Reviews: Krysthla, Abbath, Heilung, Auger (Paul H, Sean, Rich & Scott)

Krysthla: Worldwide Negative (PHD) [Paul H]

Few albums have been more anticipated than the third release from possibly the best UK metal band around today, but when this bad boy dropped in the box I must admit to a little dance of excitement. The Northamptonshire outfit have been carving a name for themselves in the UK and Europe since debut release A War Of Souls And Desires arrived in 2015. With the follow up Peace In Our Time the band enhanced their reputation for being one of the most impressive up and coming bands on the scene, with killer live shows which are bursting with energy and power.

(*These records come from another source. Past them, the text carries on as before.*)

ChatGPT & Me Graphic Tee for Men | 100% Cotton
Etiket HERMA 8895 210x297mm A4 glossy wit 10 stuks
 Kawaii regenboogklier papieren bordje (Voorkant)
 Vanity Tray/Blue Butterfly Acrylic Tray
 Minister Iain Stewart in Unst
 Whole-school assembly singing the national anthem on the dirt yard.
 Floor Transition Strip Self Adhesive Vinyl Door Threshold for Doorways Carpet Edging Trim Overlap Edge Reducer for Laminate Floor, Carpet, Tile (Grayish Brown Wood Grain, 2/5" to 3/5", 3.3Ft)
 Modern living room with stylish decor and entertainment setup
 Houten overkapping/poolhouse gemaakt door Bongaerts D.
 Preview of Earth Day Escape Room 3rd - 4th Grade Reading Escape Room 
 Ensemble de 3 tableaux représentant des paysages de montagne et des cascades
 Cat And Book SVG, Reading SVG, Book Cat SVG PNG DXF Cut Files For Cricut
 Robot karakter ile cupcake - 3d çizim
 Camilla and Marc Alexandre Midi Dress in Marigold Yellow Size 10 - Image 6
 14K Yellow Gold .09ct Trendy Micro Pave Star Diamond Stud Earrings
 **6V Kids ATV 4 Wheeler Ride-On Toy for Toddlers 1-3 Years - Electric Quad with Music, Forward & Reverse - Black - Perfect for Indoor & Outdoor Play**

So, opening Worldwide Negative up, what do we get? Well to start with, a fantastic production job by guitarist Neil Hudson, who not only acted as producer but engineer, mixer and master. Sharp, clear, yet capturing the very essence of the band’s power. Recorded at Initiate Audio and Media Recording Studios, this is eight tracks and 44 minutes of your life you really want to devote time and energy toward. Krysthla is a band with strong moral beliefs, their statements on the insanity of the world around us and their observations on the social impact of those in power not only timely but oh so accurate … and frightening.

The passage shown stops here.